Palestinian president, in Cairo, mixes up names of Morsi and Mubarak
Mahmoud Abbas, in Cairo for an Islamic summit, makes an awkward gaffe as he thanks Egyptian president for his support of the Palestinian cause.
Palestinian President Mahmoud Abbas mixed up the names of Egypt's democratically elected president and his ousted authoritarian predecessor when he tried to thank his hosts at an Islamic summit in Cairo on Wednesday. He also asked his peers not to visit Gaza for the time being because it didn't help the Palestinian cause.
Abbas intended to thank Egypt for supporting the Palestinian cause. He began by saying "President Mohammed Hosni" then stopped short and corrected himself to say "Mohammed Morsi." Morsi remained mostly stone-faced during the gaffe except for a slight movement of the mouth that hinted at disapproval.
Morsi frequently mentions that he is Egypt's first freely elected leader after the 2011 uprising that ended nearly three decades of Hosni Mubarak's authoritarian rule.
Abbas is one of more than 25 prime ministers and presidents taking part in a two-day summit of the Organization of Islamic Cooperation in Cairo, which brings together leaders from across the Muslim world.
Leaders speaking at the conference on Wednesday primarily focused on the French intervention in Mali and the civil war in Syria.
While in Cairo, Abbas hit out at leaders who make official visits to the Hamas-run Gaza Strip, telling the Islamic summit on Wednesday that such trips deepened the schism among Palestinians.
His remarks follow recent visits to Gaza by the Emir of Qatar and the prime minister of Malaysia.
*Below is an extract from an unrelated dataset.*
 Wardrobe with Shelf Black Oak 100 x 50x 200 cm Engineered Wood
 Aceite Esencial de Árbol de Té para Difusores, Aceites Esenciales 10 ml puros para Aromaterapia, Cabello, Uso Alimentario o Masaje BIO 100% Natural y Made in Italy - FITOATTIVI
President Mahmoud Ahmadinejad of Iran, a major sponsor of Hamas, said this week he too would like to visit the territory.
Abbas drew a distinction between welcome humanitarian aid for Gaza and "political visits that have an official character, as if there is an independent entity in the Gaza Strip".
Hamas has ruled Gaza since 2007, when it seized control from the Western-backed Palestinian Authority led by Abbas' Fatah faction at the height of a power struggle set off by the Islamist group's victory in 2006 legislative elections.